**SUPPLIED INFORMATION**
────────────────────

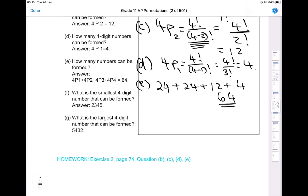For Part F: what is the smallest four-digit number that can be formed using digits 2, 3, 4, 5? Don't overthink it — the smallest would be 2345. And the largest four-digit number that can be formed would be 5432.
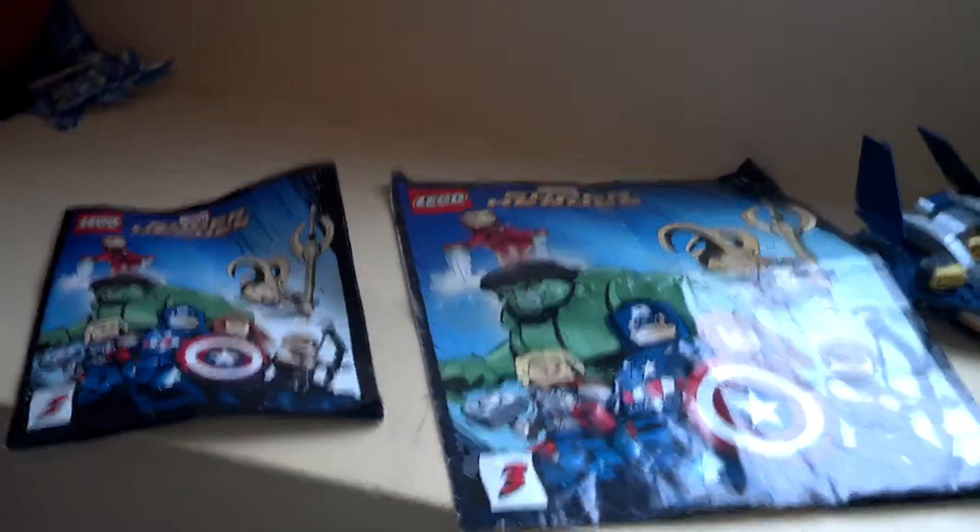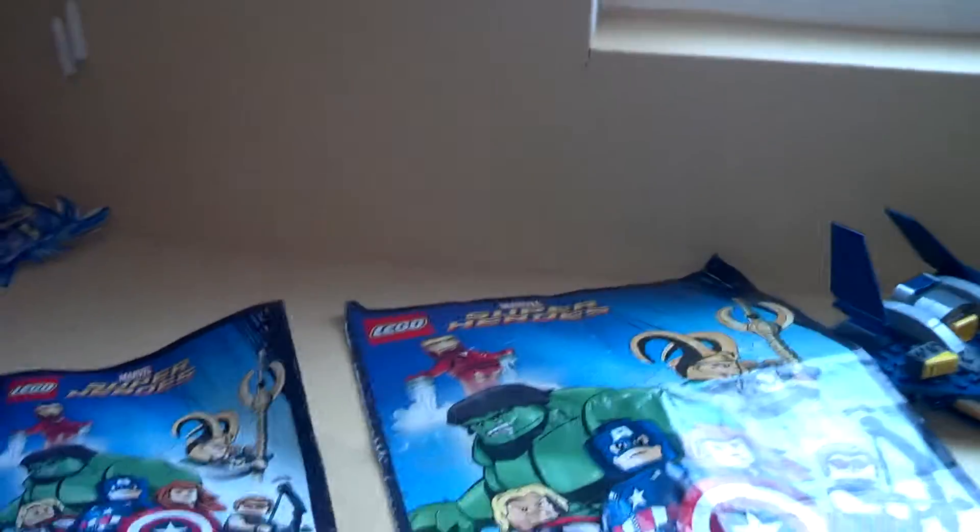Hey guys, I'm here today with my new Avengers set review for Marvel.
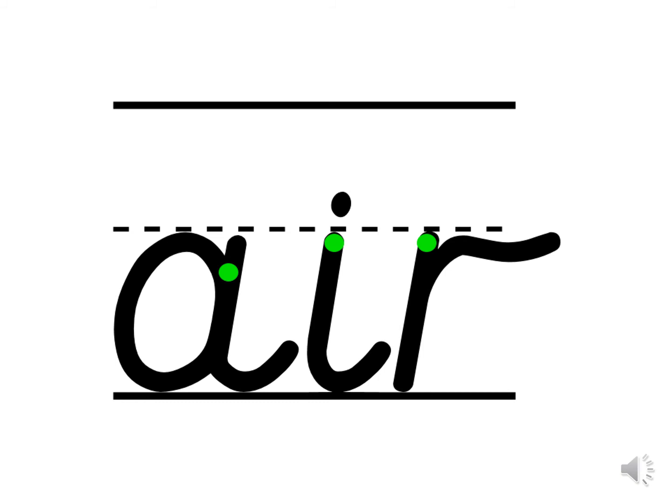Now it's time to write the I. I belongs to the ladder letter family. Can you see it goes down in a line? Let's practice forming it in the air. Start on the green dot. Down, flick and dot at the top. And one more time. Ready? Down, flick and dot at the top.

────────────────────

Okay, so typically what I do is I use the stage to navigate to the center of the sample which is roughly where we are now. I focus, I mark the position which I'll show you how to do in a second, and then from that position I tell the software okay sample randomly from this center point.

────────────────────

**EXERCISE DESCRIPTION**
Return only the stretch above from the line containing "For Part F: what" through the line containing "Now it's time", word for word and without pictures.

**FINISHED TASK**
For Part F: what is the smallest four-digit number that can be formed using digits 2, 3, 4, 5? Don't overthink it — the smallest would be 2345. And the largest four-digit number that can be formed would be 5432.
Hey guys, I'm here today with my new Avengers set review for Marvel.
Now it's time to write the I. I belongs to the ladder letter family. Can you see it goes down in a line? Let's practice forming it in the air. Start on the green dot. Down, flick and dot at the top. And one more time. Ready? Down, flick and dot at the top.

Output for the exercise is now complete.